In one embodiment, a computer-readable storage medium is provided, having a computer program stored thereon, which when executed by a processor, performs the steps of: acquiring an image to be detected; detecting the human body posture of an image to be detected through a preset detection model to obtain human body posture information and hand position information, wherein the detection model is used for detecting the human body posture; tracking the human body posture according to the human body posture information to obtain human body motion track information, and performing target tracking on the hand position according to the hand position information to obtain a hand area image; carrying out article identification on the hand region image through a preset classification identification model to obtain an article identification result, wherein the classification identification model is used for carrying out article identification; and obtaining a first interactive behavior recognition result according to the human body motion track information and the article recognition result.
In one embodiment, the computer program when executed by the processor further performs the steps of: treat through predetermined detection model and detect the image and carry out human gesture detection, obtain human gesture information and hand position information, include: presetting an image to be detected to obtain a human body image in the image to be detected; and detecting the human body posture of the human body image through a preset detection model to obtain human body posture information and hand position information.
In one embodiment, the computer program when executed by the processor further performs the steps of: acquiring human body position information according to an image to be detected; and obtaining a second interactive behavior recognition result according to the human body motion track information, the article recognition result, the human body position information and preset goods shelf information, wherein the second interactive behavior recognition result is a goods interactive behavior recognition result.
In one embodiment, the computer program when executed by the processor further performs the steps of: acquiring an image to be detected, comprising: acquiring an image to be detected acquired by an image acquisition device at a preset first shooting visual angle; preferably, the preset first shooting visual angle is a top-down visual angle perpendicular to the ground, and the image to be detected is RGBD data.
In one embodiment, the computer program when executed by the processor further performs the steps of: acquiring sample image data; carrying out key point labeling and hand position labeling on a human body image in the sample image data to obtain first labeled image data; carrying out image enhancement processing on the first labeled image data to obtain a first training data set; and inputting the first training data set into an HRNet model for training to obtain a detection model.

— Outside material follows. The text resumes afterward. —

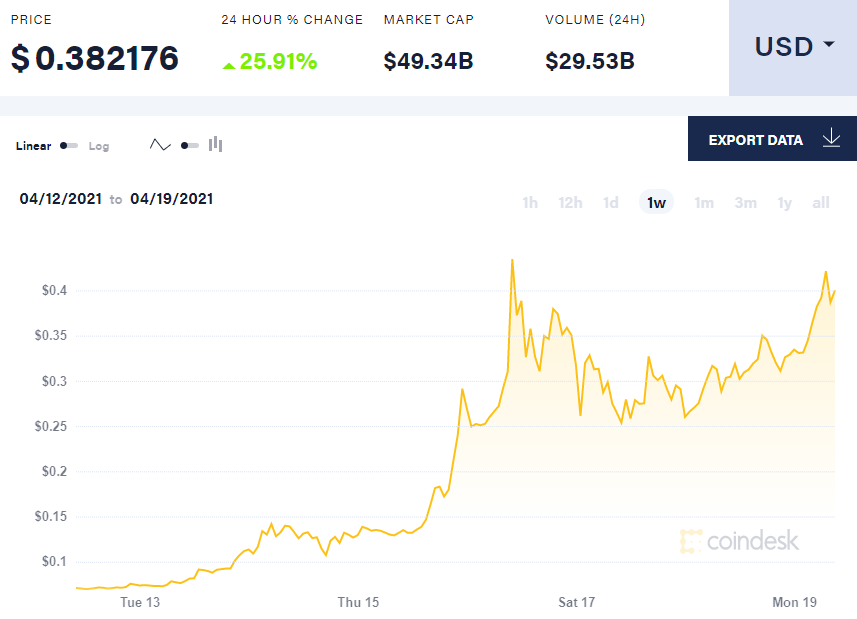 Dogecoin Stock Price Today, Doge Coin Symbol, USD Value & Chart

In one embodiment, the computer program when executed by the processor further performs the steps of: labeling a hand region in the sample image data and labeling article types of articles in the hand region to obtain second labeled image data; performing image enhancement processing on the second labeled image data to obtain a second training data set; and inputting the second training data set into a convolutional neural network for training to obtain a preset classification recognition model.
In one embodiment, the computer program when executed by the processor further performs the steps of: acquiring sample image data, comprising: acquiring image data acquired by an image acquisition device at a preset second shooting visual angle within a preset time range; and screening sample image data with human-cargo interaction behaviors from the acquired image data, preferably, the preset second shooting visual angle is a top-down visual angle vertical to the ground, and the sample image data is RGBD data.
It will be understood by those skilled in the art that all or part of the processes of the methods of the embodiments described above can be implemented by hardware instructions of a computer program, which can be stored in a non-volatile computer-readable storage medium, and when executed, can include the processes of the embodiments of the methods described above. Any reference to memory, storage, database, or other medium used in the embodiments provided herein may include non-volatile and/or volatile memory, among others. Non-volatile memory can include read-only memory (ROM), Programmable ROM (PROM), Electrically Programmable ROM (EPROM), Electrically Erasable Programmable ROM (EEPROM), or flash memory. Volatile memory can include Random Access Memory (RAM) or external cache memory. By way of illustration and not limitation, RAM is available in a variety of forms such as Static RAM (SRAM), Dynamic RAM (DRAM), Synchronous DRAM (SDRAM), Double Data Rate SDRAM (DDRSDRAM), Enhanced SDRAM (ESDRAM), Synchronous Link DRAM (SLDRAM), Rambus Direct RAM (RDRAM), direct bus dynamic RAM (DRDRAM), and memory bus dynamic RAM (RDRAM).
The technical features of the above embodiments can be arbitrarily combined, and for the sake of brevity, all possible combinations of the technical features in the above embodiments are not described, but should be considered as the scope of the present specification as long as there is no contradiction between the combinations of the technical features.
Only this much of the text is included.